Bij terugkomst stond me een verrassing te wachten. Staffhorst hing aan de telefoon en gebood me de koffers ingepakt te laten want we zouden een paar dagen later het vliegtuig naar New York pakken. Justin had gebeld met de vraag of we nog interesse hadden in het opnemen van een plaat, zo vertelde Staffhorst. Dit kon wat Justin betrof op zeer korte termijn. De tickets had Bastiaan daarom voor het gemak vast geboekt. Vertrek over enkele dagen.
Na mijn eerste reactie van euforie en ongeloof doemde er een zeer praktisch probleem op. Ik had geen geld meer! De reis in Mexico had ik afgesloten met een uitgebreide duikweek aan de prachtige stranden van Xpu Ha. Een PADI-duikcursus had mijn laatste reserves opgesoupeerd.
„Regel het maar Aaij, wij gaan naar New York!”, waren de woorden van Staffhorst voor hij de hoorn op de haak gooide.
Direct na het telefoontje van Staffhorst belde ik mijn goede vriend Joost om het nieuws te delen. Joost bleek al op de hoogte. Sterker nog, Joost ging mee! Hij zou als officiële bandfotograaf fungeren.
Twee praktische problemen moesten er vóór vertrek nog worden geregeld; mijn geldprobleem en een slaapplaats in New York want er was maar beperkt plek in de studio in Brooklyn. Daar konden maximaal twee mensen terecht. Joost en ik moesten op zoek naar een alternatieve slaapplaats.
Ik had zo één twee drie geen oplossingen voorhanden.
Het eerste probleem: GELD
Aangezien ik al mijn reserves in Mexico had aangesproken was, op korte termijn, lenen het enige echte alternatief. Mijn trots stond in de weg om vrienden of familie hiervoor in te schakelen dus ik besloot te gaan informeren bij de Rabobank (géén vriend en géén familie). De opties die ze mij boden waren tweeledig. Zo kon ik mijn kredietplafond verhogen van 500 gulden naar 1500 gulden. Dat bood me de ruimte om in ieder geval het ticket naar New York te betalen.

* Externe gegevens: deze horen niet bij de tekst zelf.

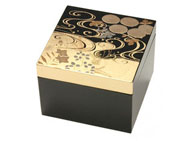 Gold-Leaf Dresser Box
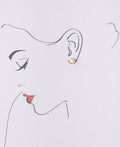 Heart White Stud Pearl Earring - Chandrani Pearls
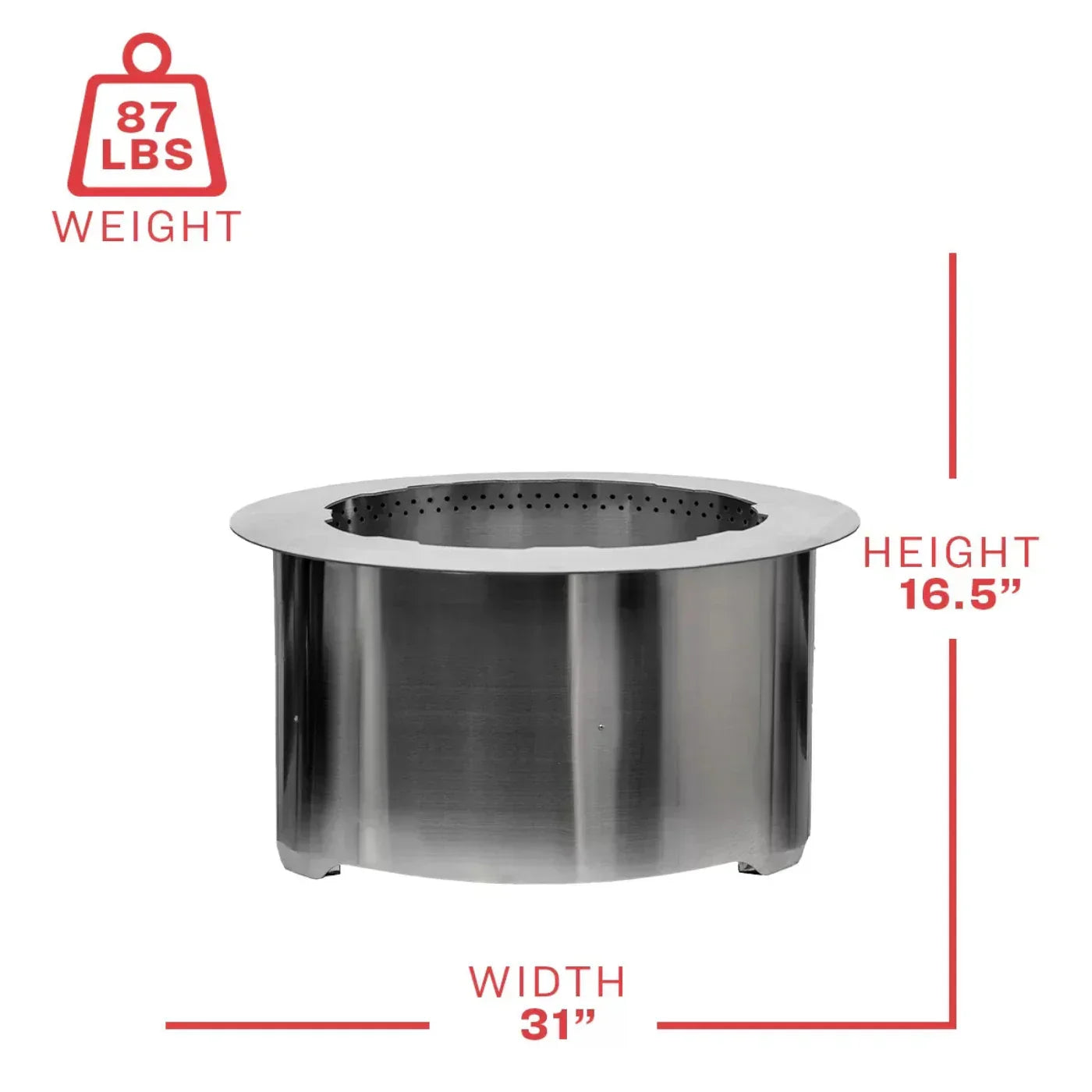 US stove USSLP31 smokeless wood burning fire pit with ash shovel – 31 inch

Dus: kredietplafond verhoogd.
Die 1000 gulden extra krediet was natuurlijk bij lange na niet voldoende om ook nog eens twee weken van te kunnen leven in het peperdure New York. Dus we moesten doorpakken. Gelukkig had de in het strakke mantelpakje gehesen Rabobank-meisje nóg een optie. Ik kon natuurlijk ook nog een creditcard aanvragen. Met haar roodgelakte nagel tikte ze op het foldertje met informatie over de aanvraag van een creditcard. „Voordeel, in jou geval, is dat iedere opname met deze kaart een kalendermaand later wordt afgeschreven”, aldus het mantelpakje. De kaart bood mij de gelegenheid tot het maximale bedrag van 3000 gulden op te nemen.
Dus: creditkaart (met spoed) aangevraagd.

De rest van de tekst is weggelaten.